Patricia Matos

Patricia Matos 150 People have always fascinated me. From medieval people to people on television shows, from characters in novels to the characters in my own family, watching people and how they interact has been a continual passion of mine. Perhaps it is no surprise that I wanted to become a teacher; I figured if I could teach my stuffed animals about life in early Native American societies from the book I “borrowed” from school, I could work with anyone!

This love of people might have also stemmed from growing up in a diverse community with noticeable institutional structures that segregated groups of people. Studying people and trying to figure out the rationales for their behaviors, whether they stemmed from how much money they had or their religion, is intriguing to me. Perhaps this is why, along with education, I studied sociology in college -- it was all about the people.

Studying urban education with the expectation of being a public school teacher and sociology meant many conversations on race, class, and institutional structures that work only for some. Learning the history of education brought into focus how much things seem to have changed on the surface, but have actually continued in a slightly different guise.

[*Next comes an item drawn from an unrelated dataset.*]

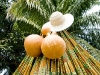 chichi-chinedu-nigerianwedding001
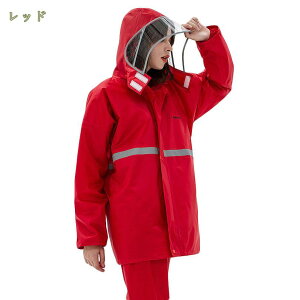 1000~OFFN[| CR[g CEFA fB[X CX[c ㉺Zbg IV St CEFA  h h J JH ~J΍ AEghAX|[c^St/ނ/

After many years in the public schools, seeing many dynamics play out, I moved to independent schools where my passion for equity and justice led me to become involved in diversity work. Along my journey of learning to speak of these issues with various constituencies, I learned of SEED. I love school and learning, and so of course, wanted to sign up. Whether or not I wanted to work with adults in addition to students about my passion was not a question I had to ask myself twice.

My SEED experience was transformative and as a facilitator I continue to learn. I am currently co-facilitating a faculty group, a parent group, and the administrative team at my school. I long for a more just and equitable society and even if it is one person at a time, I believe SEED contributes towards that goal.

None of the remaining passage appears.